Volatility targeting in a multi-strategy book
Volatility targeting at the strategy level is well-understood. At the portfolio level, in a book with partially correlated strategies, the implementation choices have first-order consequences for drawdown behaviour.
Volatility targeting is the single most reliable risk-management practice in systematic investing. The literature has covered the single-strategy case thoroughly. The multi-strategy case is more interesting, because the practical question is no longer 'what is the volatility of this strategy' but 'how does correlation between strategies move with the regime that determines their joint volatility'.
Three implementation choices that matter
Per-strategy vs. portfolio targeting
Targeting volatility per strategy is the safer default — it prevents any single line of research from dominating the book.
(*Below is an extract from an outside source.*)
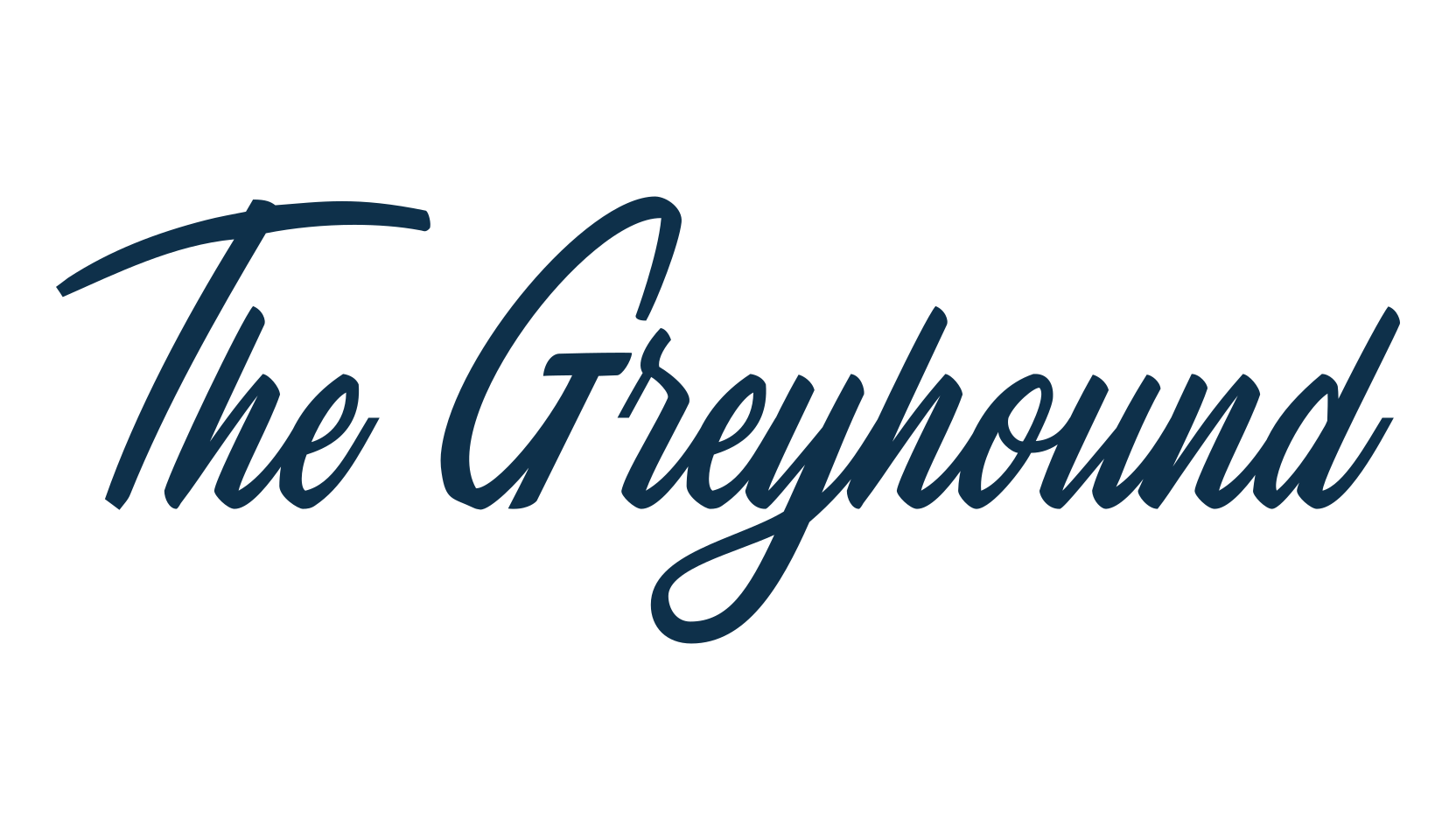 The Greyhound, script calligraphy fancy decorative font preview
Targeting only at the portfolio level relies on stable cross-strategy correlations, which is a stronger assumption than most managers realise.
Look-back window
Shorter windows respond faster to changing volatility and reduce drawdowns when regimes shift, at the cost of more turnover. Longer windows are cheaper to run and capture longer-cycle structure. We use multiple horizons and combine them; the combination is more stable than any single choice.
Floor and ceiling
Pure inverse-volatility sizing can produce extreme leverage during quiet regimes, which is exactly when leverage is most dangerous because the quiet itself may be the precursor to a vol spike. A ceiling on gross exposure prevents the most familiar accidents.
What this looks like in practice
Volatility-sized strategies, summed at constrained portfolio weights, with explicit ceilings on gross and per-strategy exposure, behave more conservatively than the same strategies under any single-axis sizing rule. The trade-off is that they leave money on the table in trending regimes. That is a trade-off we accept.